Bir süredir Devlet’in ve devletin periferisindeki Kürt İslamcıların ısrarla Öcalan’ın konuşmasına atıfta bulunması ve gündem oluşturması, konuşma içeriğinin bu olacağını haber veriyor.

Bazıları da diyecek ki Öcalan, gerçekçi olalım, güzel sözlerin aldatıcılığına doyduk desin. Bunca bedel, ağzımıza bir parmak bal çalıp başladığımız noktaya dönelim diye verilmedi desin. Eşitlenmedikçe kardeşliğin olamayacağından bahsetsin. Birliğin ancak özgür ve bağımsız olanlar arasında gerçekleşebileceğini söylesin. Türkiye’nin Kürtlere ve Kürdistan’ın her karış toprağına yönelik saldırı, işgal ve operasyonlarının son bulmasını istesin. Kendi isimleriyle Kürt, Kürtçe ve Kürdistan’ın resmi olarak tanınmasından bahsetsin. Ağır soykırım ve trajedilerle Kürtlere kaybettirilen yüzyılın tazmin ve telafisini istesin. Türkiye’ye yeni bir yönetim sistemi önersin. Otonomi ve federasyon desin.
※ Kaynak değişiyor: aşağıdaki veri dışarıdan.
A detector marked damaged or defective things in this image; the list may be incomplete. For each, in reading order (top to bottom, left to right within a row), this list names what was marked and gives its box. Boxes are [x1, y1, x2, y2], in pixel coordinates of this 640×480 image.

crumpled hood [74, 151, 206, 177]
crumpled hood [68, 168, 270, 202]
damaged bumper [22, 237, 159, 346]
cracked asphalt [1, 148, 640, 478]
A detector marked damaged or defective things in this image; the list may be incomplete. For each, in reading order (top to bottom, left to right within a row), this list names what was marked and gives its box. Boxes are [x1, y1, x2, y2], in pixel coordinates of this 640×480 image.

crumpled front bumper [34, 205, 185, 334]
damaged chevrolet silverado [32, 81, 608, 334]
Tabii ki her iki olasılık da gerçekleşmeyebilir. Sonuçta herkes tahmin yürütmekte serbest. Ancak devlet tarafı Öcalan’ın konuşmasında ve Ankara’da eve çıkıp Türk siyasetine katılmasında ısrarcı gibi.
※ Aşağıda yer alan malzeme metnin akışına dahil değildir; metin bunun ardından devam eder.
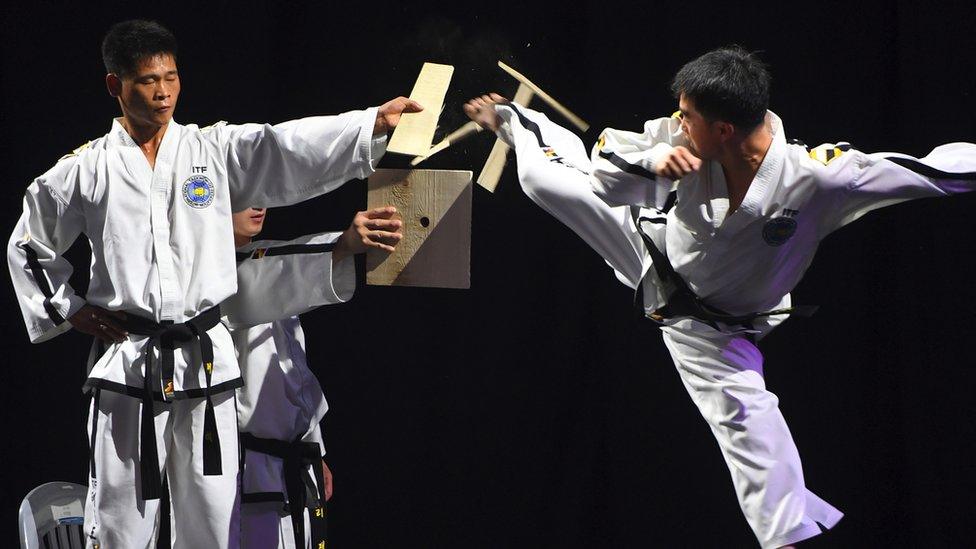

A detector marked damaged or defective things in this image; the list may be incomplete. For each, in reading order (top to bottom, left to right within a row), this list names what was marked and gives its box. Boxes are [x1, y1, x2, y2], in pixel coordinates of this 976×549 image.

splintered wood piece [386, 63, 456, 155]
splintered wood piece [408, 119, 484, 164]
splintered wood piece [474, 82, 532, 192]
splintered wood piece [496, 60, 588, 132]
splintered wood piece [366, 168, 472, 288]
Şam uzak olabilir ama mışar elimizin altında. Üç vakte kadar.

Belki de Bir Halkı Savunmak’ın son bölümünü (VII. Bölüm) yeniden dikkatle okumak gerek.

 

(Yazılar, yazarların görüşlerini yansıtmaktadır. Rûdaw Medya Grubu'nun kurumsal bakış açısıyla örtüşebilir ya da örtüşmeyebilir.)